Israeli and Palestinian leaders speak by phone for the first time in years



A short statement from Lapid’s office said the two men “spoke about the continuation of cooperation and the need to ensure quiet and calm.”

Abbas had congratulated Lapid on becoming Prime Minister, the statement said, while Lapid passed along his best wishes to the Palestinian leader ahead of Eid al-Adha, the Muslim holiday which begins Friday.

The Palestinian news agency Wafa also reported the phone conversation, adding that President Abbas had expressed his wish that “peace and stability would prevail in the region as soon as possible.”

Lapid’s predecessor, right-winger Naftali Bennett, chose not to speak with Abbas during his 12-month premiership, while long-time leader Benjamin Netanyahu oversaw a degradation of Israel’s relations with the Palestinian Authority, and it is reported he last spoke to the Palestinian leader in 2017.
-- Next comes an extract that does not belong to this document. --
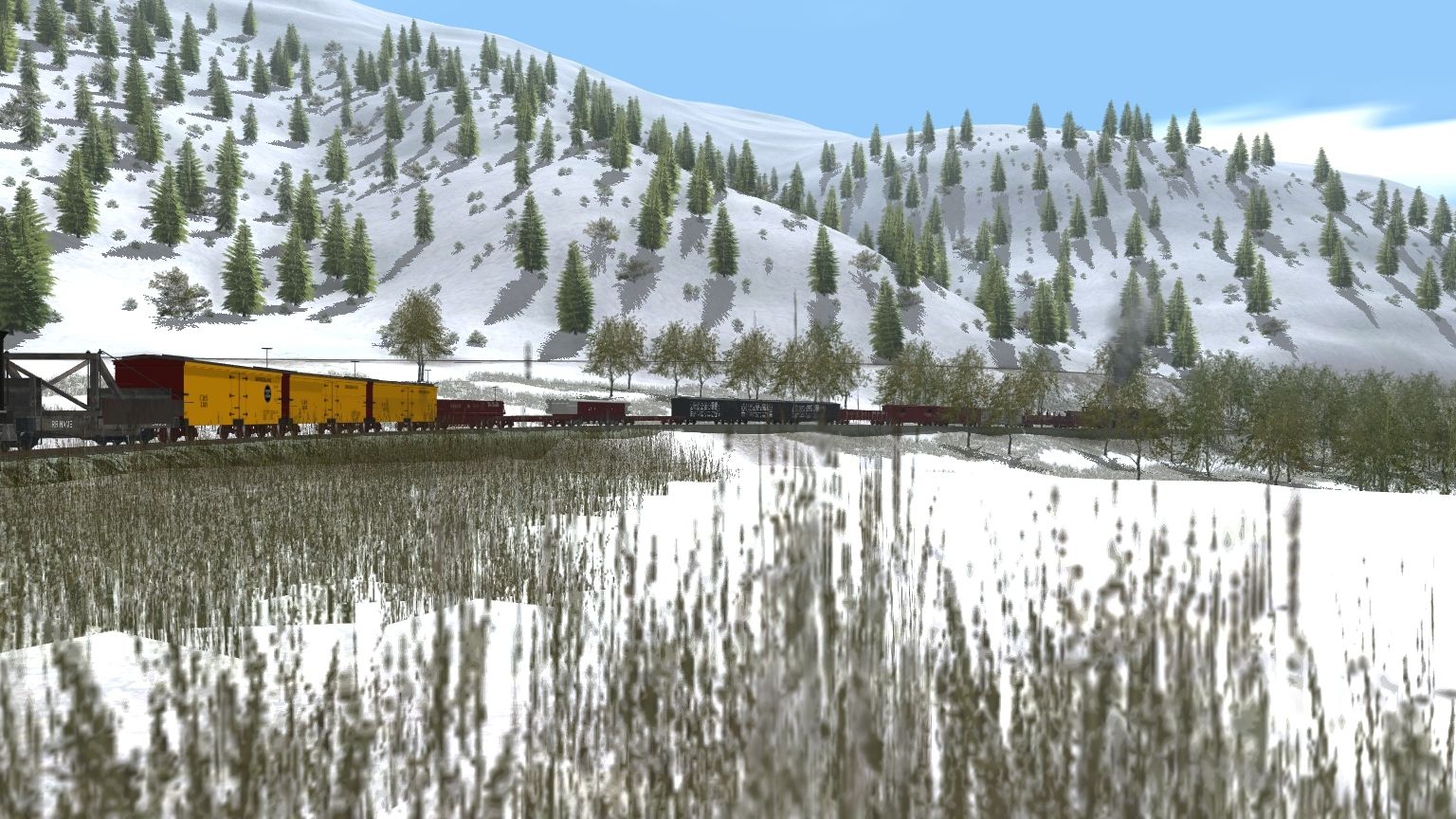 Trainz Rgs Trainz Portal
Underscoring the current Israeli government’s changed approach, Defense Minister Benny Gantz visited Abbas at his Ramallah office Thursday evening.

During the meeting, the Palestinian leader “stressed the importance of creating a political horizon [and] commitment to the signed agreements,” Wafa reported, referring to a series of accords signed between the two sides in the 1990s.

A statement from Gantz’s office said the meeting had discussed “security and civilian coordination ahead of the visit of US President Biden to Israel.”

As well as Israel, Biden is also set to visit the West Bank next week where he will meet with Abbas — in the first meeting between the Palestinian leader and a US President since 2017. The White House hopes the meeting will help draw a line under the significant breakdown in US-Palestinian relations seen under the Trump administration.

In a separate development earlier this week, Abbas travelled to Algeria where he met with Hamas leader Ismail Haniyeh, also for the first time in several years.

The meeting was held on the sidelines of celebrations to mark the 60th anniversary of Algeria’s independence, Algeria’s state news agency reported.

Relations between Abbas’s Fatah party, the largest Palestinian faction, and Hamas, the Islamist group that runs Gaza, have been strained for many years. In June 2007, the two groups were in open conflict with each other, in violence that saw the end of Palestinian Authority control in Gaza.